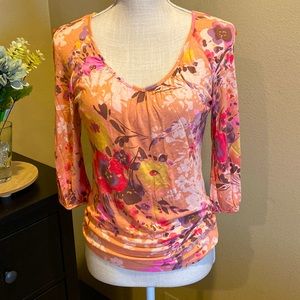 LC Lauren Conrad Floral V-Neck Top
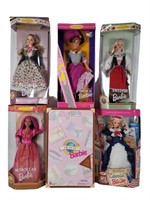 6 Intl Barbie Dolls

⁂

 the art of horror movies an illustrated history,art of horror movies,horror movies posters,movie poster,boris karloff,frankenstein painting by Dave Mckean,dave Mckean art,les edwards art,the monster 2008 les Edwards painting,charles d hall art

⁂

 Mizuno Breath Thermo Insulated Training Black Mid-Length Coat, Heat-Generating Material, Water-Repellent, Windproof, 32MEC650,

⁂

■ EXERCISE DIRECTIONS ■
Using the listing above, restate exactly the range between the lines holding "LC Lauren Conrad Floral V-Neck Top" and "6 Intl Barbie Dolls", inclusive, with pictures left out.

■ RESPONSE FOR THIS EXERCISE ■
 LC Lauren Conrad Floral V-Neck Top
 6 Intl Barbie Dolls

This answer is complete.